Diese beiden Klassen stammen aber von dir, oder?
Da wird nämlich leider bereits ganz grober Unfug fabriziert....

An deiner Stelle würde ich mich davon zunächst ein wenig lösen und einfach mal eine Skizze malen, mit z.B. 3 Studenten, einer Bibliothek und 10 Büchern oder so...
Dann schreibst du jeweils dazu, wer sich jeweil welche Informationen merken muss. Der Student z.B. sollte wissen, wie er heißt, das Buch sollte wissen, wer es geschrieben hat usw ... das liegt alles noch auf der Hand. Interessant wird es schon eher bei veränderlichen Eigenschaften. Wer merkt sich zum Beispiel welches Buch, von wem in welcher Bibliothek ausgeliehen wurde o.Ä.. Wer verwaltet den Vorgang "ausleihen", oder die Abfrage "istVerfügbar"? 
Wie gesagt, mal zunächst mal eine grobe Skizze, damit die eine grobe Vorstellung vom ganzen Prozess bekommst, und wie was ineiander greift. Macht man später (manchmal) tatsächlich auch so in realen Projekten..


----------



## townandroid (3. Nov 2014)

Ja, die Klassen sind von mir, habe einfach nur ein paar Attribute eingefügt, könnte dann aber wirklich Unsinn sein.

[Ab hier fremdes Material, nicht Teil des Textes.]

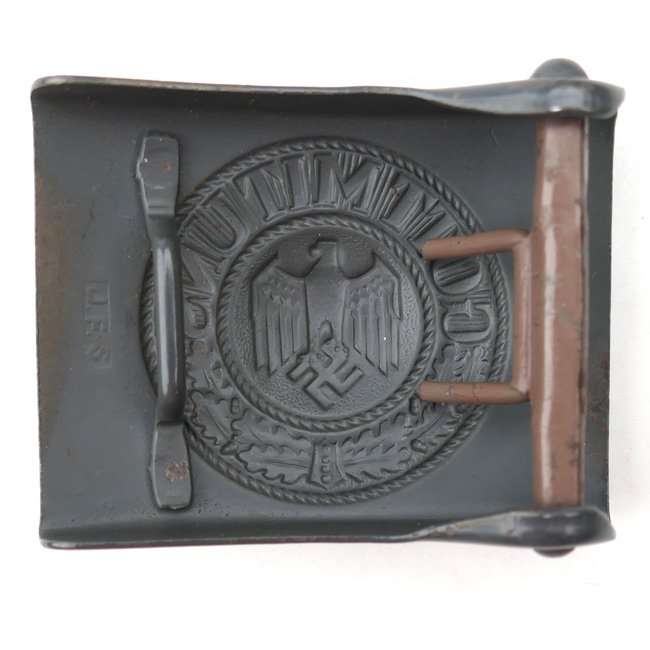 WH (Heer) EM/NCO's Belt Buckle - JFS — image 3
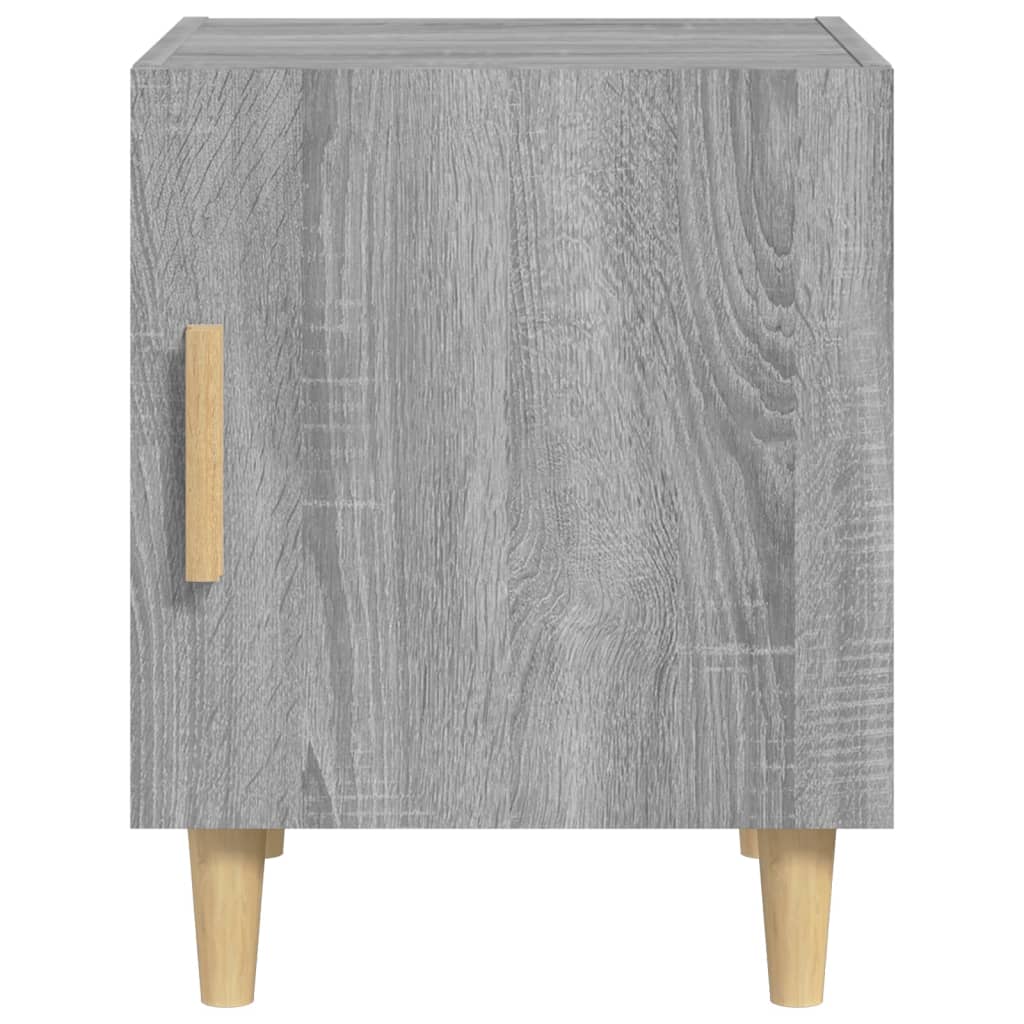 Nachtkastje Bewerkt Hout Grijs Sonoma Eikenkleurig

Danke für den Denkanstoß, ich versuche mal ein paar Schritte.


----------



## stg (3. Nov 2014)

townandroid hat gesagt.:


> Ja, die Klassen sind von mir, habe einfach nur ein paar Attribute eingefügt, könnte dann aber wirklich Unsinn sein.



Um (nur) darauf noch einmal Bezug zu nehmen: Du solltest dir den Unterschied zwischen einer Klassen und einem Objekt/Instanz einer Klasse noch einmal klar machen. Dann wird dir auch schnell klar, was in deinem ersten Ansatz da schon schief gegangen ist.


----------